Owing to the continuation of differences between the states, their diplomatic conflict will develop further. A manifestation of this process is the fact that Bahrain, Sudan, and the United Arab Emirates also severed diplomatic relations with Iran (Alsultan and Saeid 82). Furthermore, the civil war in Syria and Yemen will likely worsen. Among other diplomatic consequences, there may be the inability of the peace process in Syria. Fortunately, the emergence of a direct conflict has a minor possibility. Saudi Arabia can adhere to the power scenario only if it would have more options to transport oil. In this case, the possible outcome of the diplomatic conflict continuation in the Middle East will be the rise in oil prices and the downturn in the global economy (Alsultan and Saeid 85). Currently, the diplomatic relations between Saudi Arabia and Iran is a serious and urgent problem of world society. Therefore, the history of diplomatic relations between these regions has a wide range of complex reasons and consequences.

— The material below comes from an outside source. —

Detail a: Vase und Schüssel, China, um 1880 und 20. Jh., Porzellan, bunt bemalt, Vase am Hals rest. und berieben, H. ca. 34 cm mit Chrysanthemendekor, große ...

The history of diplomatic relations between two major Middle Eastern countries is characterized by geopolitical, religious, and ideological rivalries. First, Saudi Arabia negatively perceives the regime of the Islamic Republic in Iran, which was established in 1979. Second, the diplomatic relations trigger a conflict between the two states with both striving for the domination of political elites in Iraq, Yemen, Syria, and Lebanon. Therefore, Iran and Saudi Arabia are in a state of proxy war, and they have military clashes in other countries supporting different sides of the conflict. Third, sectarian Sunni-Shiite conflict complicates the relations between the two countries. These contradictions are in the center of conflict interest. Moreover, Iran and Saudi Arabia have mutual distrust. The countries are afraid of growing diplomatic, military, and political forces because the position on the world oil market and in the region is the most important element of their prosperity. These factors have started to evolve from the beginning of their diplomatic relations history and became the basis of their further rivalry and confrontation. The situation between the two countries became very tense after Saudi Arabia has broken its diplomatic relations with Iran in 2016. Thus, the current situation is the most serious and acute in the history of their diplomatic relations. Consequently, the history of diplomatic ties between Iran and Saudi Arabia has many different reasons and implications.